One final reservoir, the Sherman (which straddles the Vermont Massachusetts border, and is really two separate reservoirs that share a name), stops up and cools down the water, and then the Deerfield plunges down through the Zoar Gap—a well known kayaking destination—before turning east, wandering out of the Berkshires, and flowing into the Connecticut River.

This past Sunday, I spent the better part of a day—and I mean the “better” part in two senses of that word—with fishing guide Tom Harrison (of Harrison Anglers, www.harrisonanglers.com) fly fishing the Deerfield River in the Zoar Gap. We met at 7:00am, and from about 7:30 until 10:00am waded a stretch near one of the river’s better (and better known) pools, mostly casting to one pod of very large trout feeding on midges in the foam along the eddy line. We then went up to the Fife Brook Dam and put his raft in, and spent the next four hours drifting the Deerfield through the gap into some of the more difficult to reach stretches of water.

It was one of those incredible days of fishing that was both productive (in number of fish) and very scenic. The wooded slopes on both sides of the river lining the gap were scattered with maples just coming into color, and an osprey was staying just a half-bend ahead of us. I caught about fifteen fish, a mix of rainbows and wild and stocked browns, three of which were in the 15” to 17” range and the rest between 10” and 15”. We saw only two other anglers the entire day, plus a half dozen kayakers.

Tom knows the river well. He guides it regularly—along with his brother and partner in Harrison Anglers, one of a very small number of guides to do so—and has been guiding it for a few years. On several occasions he told me to cast in some stretch of river I wouldn’t have thought to cast in, and when I did so I landed a fish. He also led me to a few pools that had large rising fish. (I saw far more trout than I caught, in part because they were feeding on very small flies difficult to imitate, and were very picky that day. Still, I was happy with the size and number of those I did catch.)

In fact, it felt like I got four rivers for the price of one. Like many autumn days in New England, it began overcast and rainy, and at noon the sun broke through and we had two hours of bright skies and warm. We were also on the water when they opened up the dam at noon and increased the water flow from about 200 cfs to about 800 cfs—a factor of four increase that really made the river seem like an entirely different place. It was then that I especially needed the guide, as I never would have been able to read the higher water, yet a couple of our biggest fish were caught after the flows increased.

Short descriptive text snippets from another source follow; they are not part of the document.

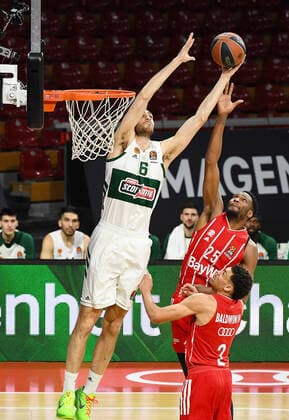 04.03.2021, xemx, Basketball BBL Bundesliga, FC Bayern Muenchen Basketball - Panathinaikos Athen emspor, v.l. Georgios Papagiannis (Panathinaikos Athen), Ja Juan Johnson (FC Bayern Basketball), Wade Baldwin (FC Bayern Basketball) Zweikampf, Duell, Kampf, tackle Muenchen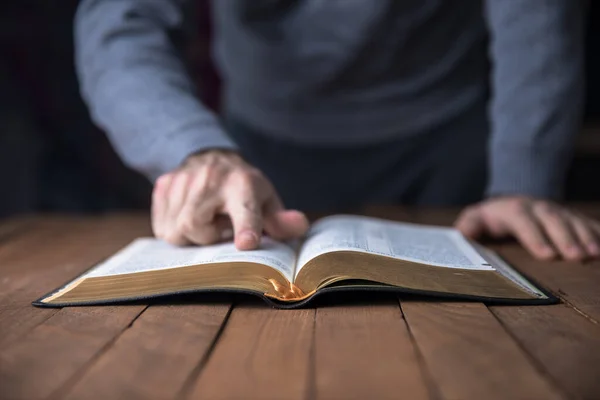 Hombre Leyendo Santa Biblia Sobre Fondo Madera — Foto de Stock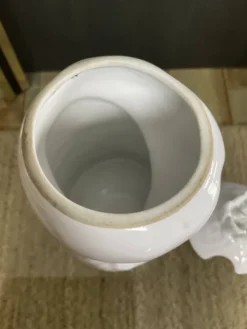 Pot couvert ancien en porcelaine Germany
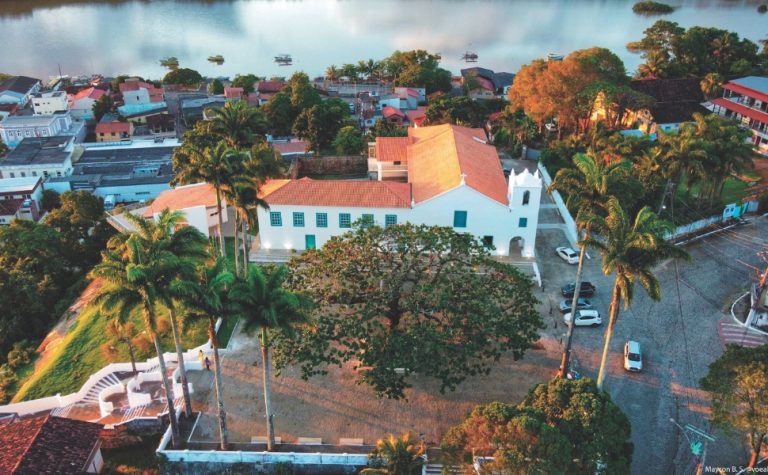 Anchieta busca parceria para fortalecer o turismo da fé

It was only after I returned home, however, and began studying the maps of this wonderful trout stream—which I had seemingly only recently discovered while doing research for a new book—that I realized I had unknowingly fished it long before and many miles upstream. On that fall day, the stream with all its varied parts, like a story, changing from mile to mile and even minute to minute, began to fit together in a fluid whole. And I was fortunately enough to get a glimpse of a couple parts of the tale.